As for the sentece, I'd say: _He's just waiting to labell them as socialists_ or_ He's just waiting to brand them as socialists_. (stigmatize is fine, but note the very serious overtone it carries)


----------



## LilianaB

Yes I agree, except label with single l.


----------



## dreamlike

It doesn't really make a big difference which spelling you use, it's just an BrE/AmE variation.

On reflection, it makes all the difference in the world. "Labell as" would be wrong.
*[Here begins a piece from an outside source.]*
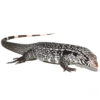 Anery Snowmaker Tegu - Image 2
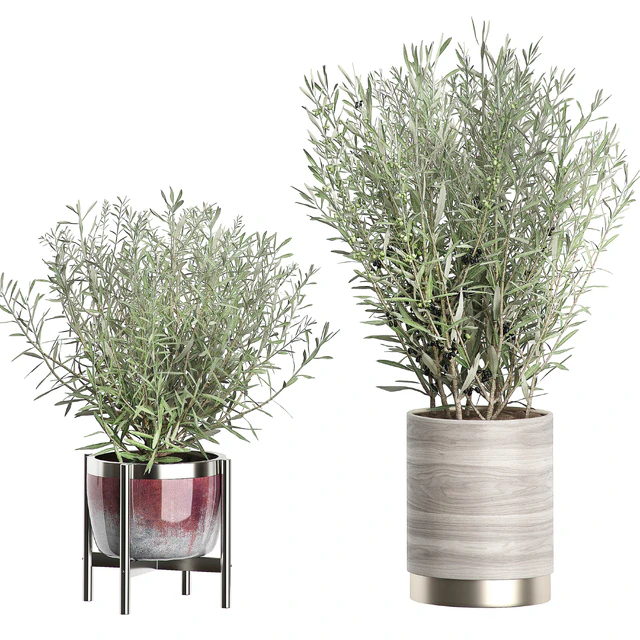 INTERIOR OLIVE TREE PACK 66 — Скачать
The verb "label" is spelled with a single "l". You can either say "labelled as" or "labeled as" but the verb is "label". My bad.


----------



## guniang

In fact, I have just finished translating a text from Polish to English, which is about Sarkozy and his tactics to win the approaching presidential election. It is a difficult one and but for your help I wouldn 't have succeeded in translating it ! Many thanks again to all of you!


----------



## majlo

Dreamlike, there's also a typo: waiting, not wainting*. 

Let's just pray to whoever we can he doesn't get reelected.


----------



## dreamlike

Thanks for pointing that out, majlo, how observant of you. 

As far French presidential election is concerned, I think the result is a foregone conclusion... Although I want Marine Le Pen to win, I doubt she or any other candidate stand a chance against Sarkozy.


----------